Work instructions | The reply should reproduce every line of the data below word for word, minus any images.

Data provided |

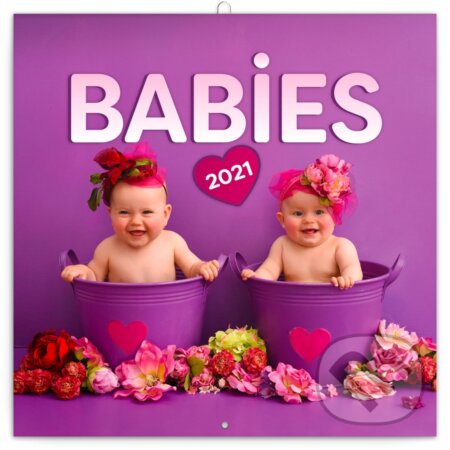 Poznámkový nástěnný kalendář Babies 2021 - Věra Zlevorová, Presco Group, 2020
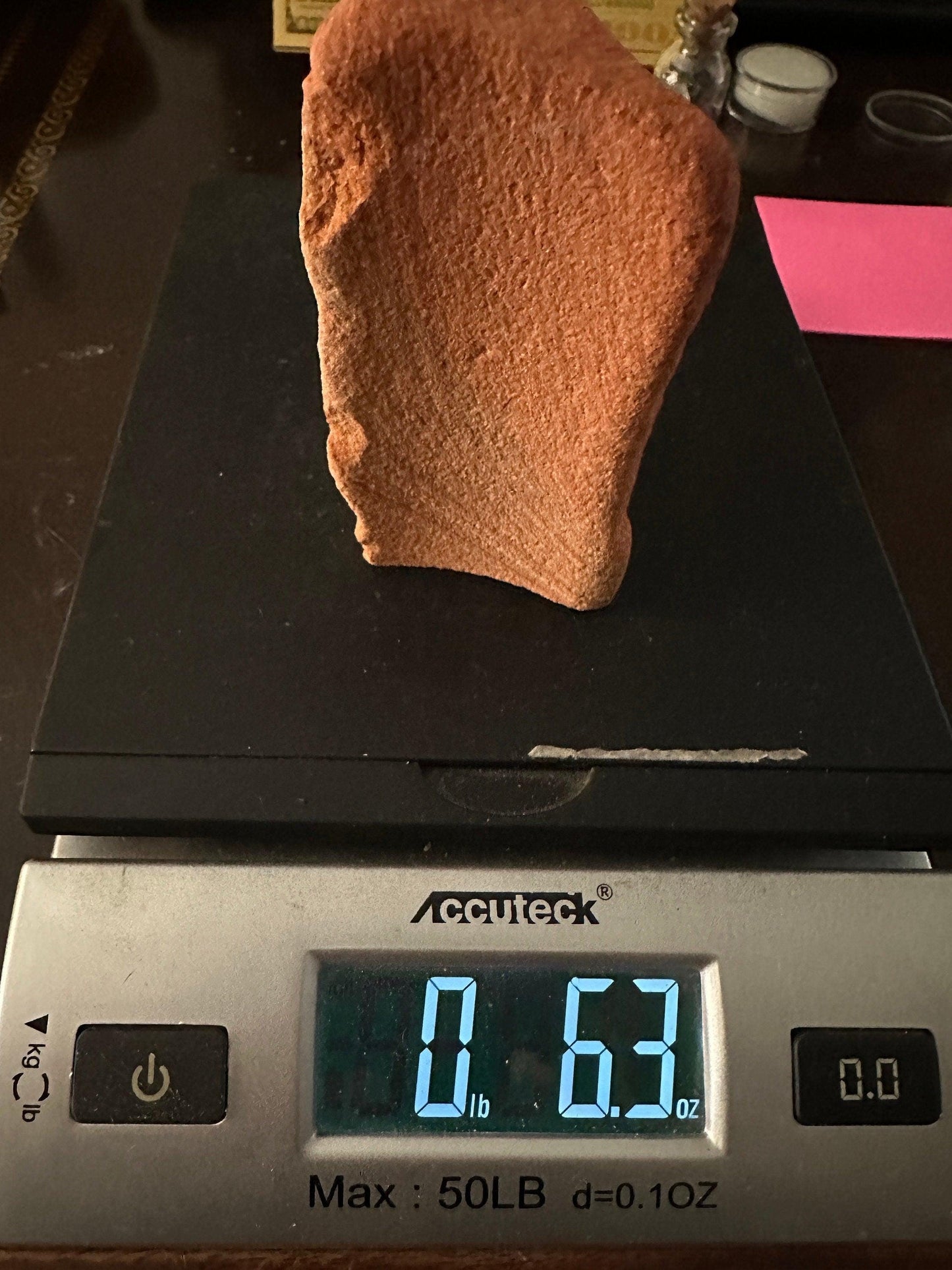 Rare and Unique Sandstone Sculpture from Southern Utah, Natural, Shinarump, Sandstone, Sandstone Specimen, Rock Collection, 6.3 ounces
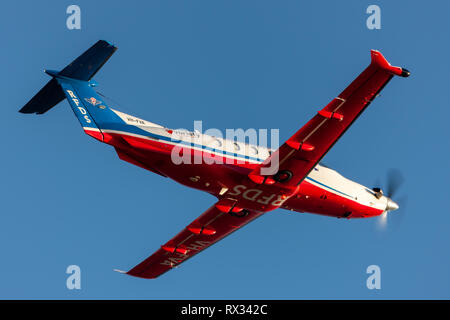 Royal Flying Doctors Service von Australien Pilatus PC-12 single engine Air Ambulance Flugzeuge vom Ad Stockfoto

Solution to this problem |
 Poznámkový nástěnný kalendář Babies 2021 - Věra Zlevorová, Presco Group, 2020
 Rare and Unique Sandstone Sculpture from Southern Utah, Natural, Shinarump, Sandstone, Sandstone Specimen, Rock Collection, 6.3 ounces
 Royal Flying Doctors Service von Australien Pilatus PC-12 single engine Air Ambulance Flugzeuge vom Ad Stockfoto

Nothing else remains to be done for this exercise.